Lemma: Let $K \subseteq L$ be a Galois extension and the Galois group $G(L/K) = \{ \sigma_1, ..., \sigma _n \}$. Elements $x_1, ..., x_n \in L$ form a $K$-basis of $L$ if and only if $\det [\sigma_i(x_j)] \neq 0.$

Proof: The given elements are linearly dependent if and only if there are elements $a_1,...,a_n\in K$ not all equal to $0$ such that $a_1 x_1 + \dots + a_n x_n =0$. Letting all $\sigma _i$ act on this equality, we get \begin{align*} a_1 \sigma_1 (x_1) + \dots + a_n \sigma_1(x_n) &= 0 \\ a_1 \sigma_2 (x_1) + \dots + a_n \sigma_2(x_n) &= 0 \\ \dots \\ a_1 \sigma_n (x_1) + \dots + a_n \sigma_n(x_n) &= 0. \end{align*} The above system of linear equations has a nonzero solution $a_1,...,a_n$ if and only if the determinant of the coefficient matrix (consisting of $\sigma_i(x_j) $) equals $0$.

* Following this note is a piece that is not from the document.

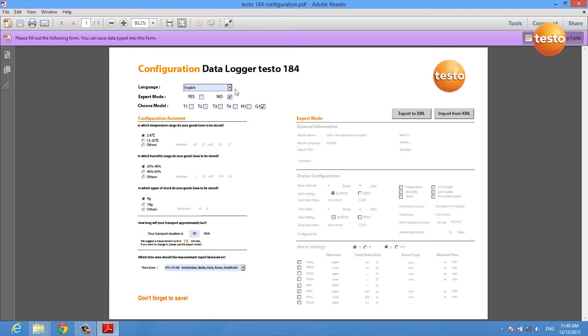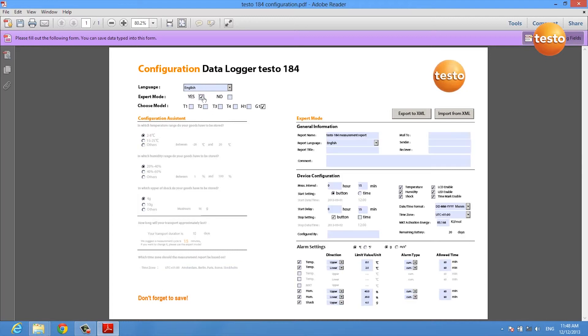You can select the language of your configuration, you can choose between an expert and an assistant mode, and you have to select the data logger model you are using.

I understand that if there is a nonzero solution $a_1,...,a_n \in K$, then this determinant must be zero.

Conversely, I do not understand why the determinant being zero implies there is a nonzero solution $a_1,...,a_n \in K$. Since the coefficients are in $L$, the only thing I should be able to deduce is that there is a nonzero solution $a_1,...,a_n \in L$, while in general $K \neq L$.

What am I missing?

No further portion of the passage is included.